TASK ITEM:
Could you transcribe exactly the lines below, from the line with "Uubags YSL Niki" through the line with "Charlotte North Carolina", and nothing else, leaving out the pictures?

DATA LISTING:
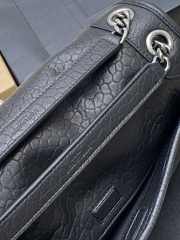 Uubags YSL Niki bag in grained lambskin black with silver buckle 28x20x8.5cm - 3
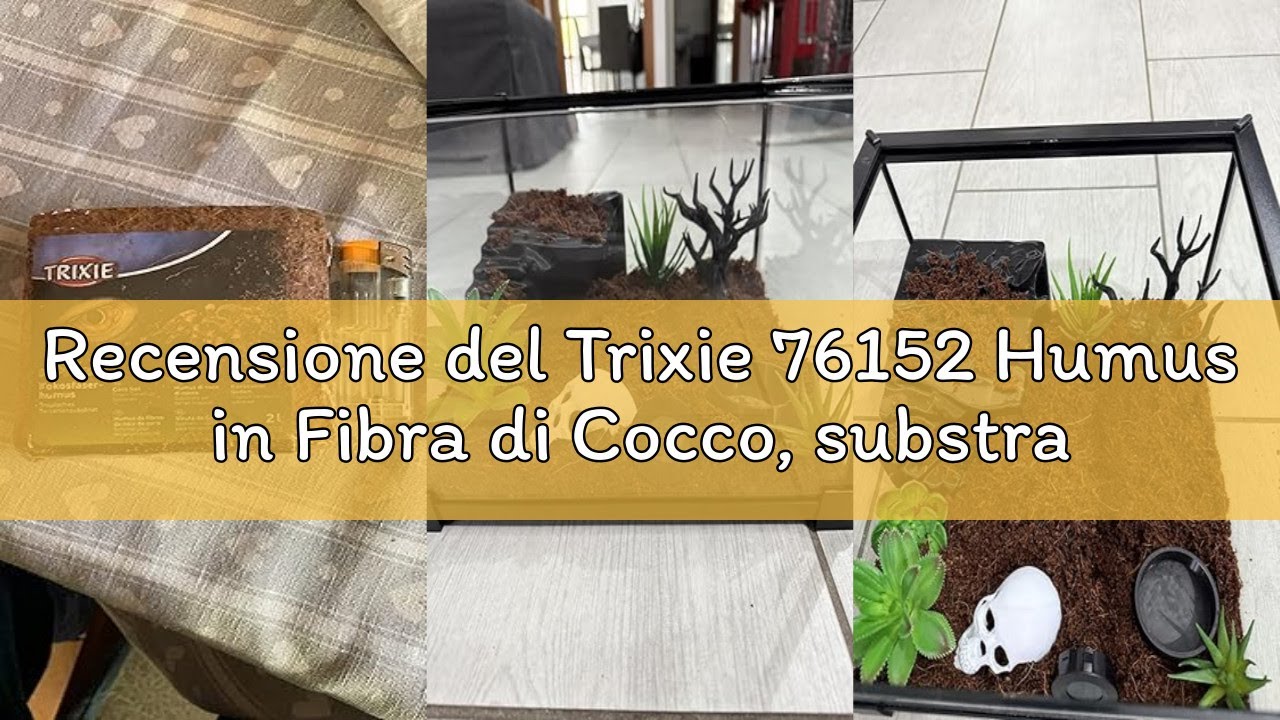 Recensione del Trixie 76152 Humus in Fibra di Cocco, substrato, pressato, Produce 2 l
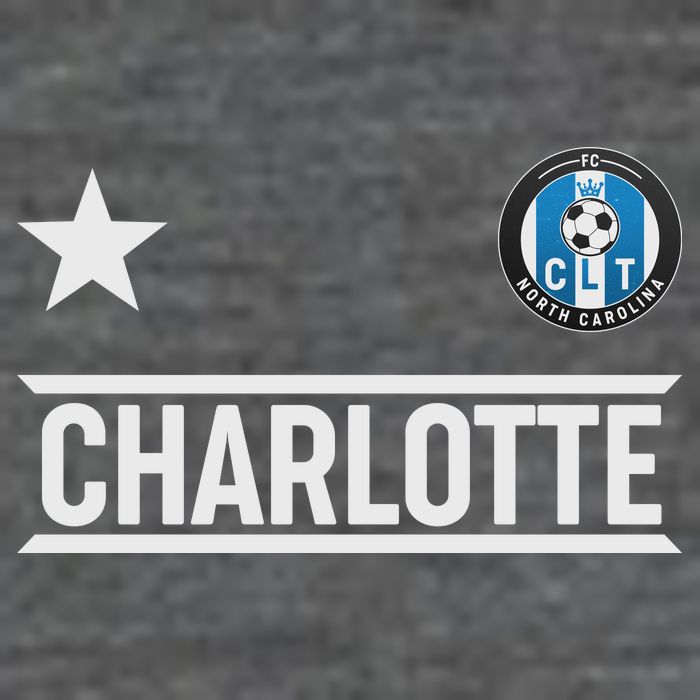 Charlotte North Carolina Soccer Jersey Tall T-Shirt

* * *

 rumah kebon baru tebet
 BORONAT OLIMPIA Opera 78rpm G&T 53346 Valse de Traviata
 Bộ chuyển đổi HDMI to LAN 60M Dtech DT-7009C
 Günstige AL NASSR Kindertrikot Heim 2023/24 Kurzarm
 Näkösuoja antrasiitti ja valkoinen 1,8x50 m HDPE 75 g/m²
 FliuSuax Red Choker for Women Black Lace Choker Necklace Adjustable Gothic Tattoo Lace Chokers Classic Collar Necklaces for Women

* * *

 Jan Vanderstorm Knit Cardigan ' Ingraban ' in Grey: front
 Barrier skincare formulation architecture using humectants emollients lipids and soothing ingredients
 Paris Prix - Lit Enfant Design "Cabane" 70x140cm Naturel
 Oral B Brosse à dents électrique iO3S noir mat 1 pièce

PROBLEM SOLUTION:
 Uubags YSL Niki bag in grained lambskin black with silver buckle 28x20x8.5cm - 3
 Recensione del Trixie 76152 Humus in Fibra di Cocco, substrato, pressato, Produce 2 l
 Charlotte North Carolina Soccer Jersey Tall T-Shirt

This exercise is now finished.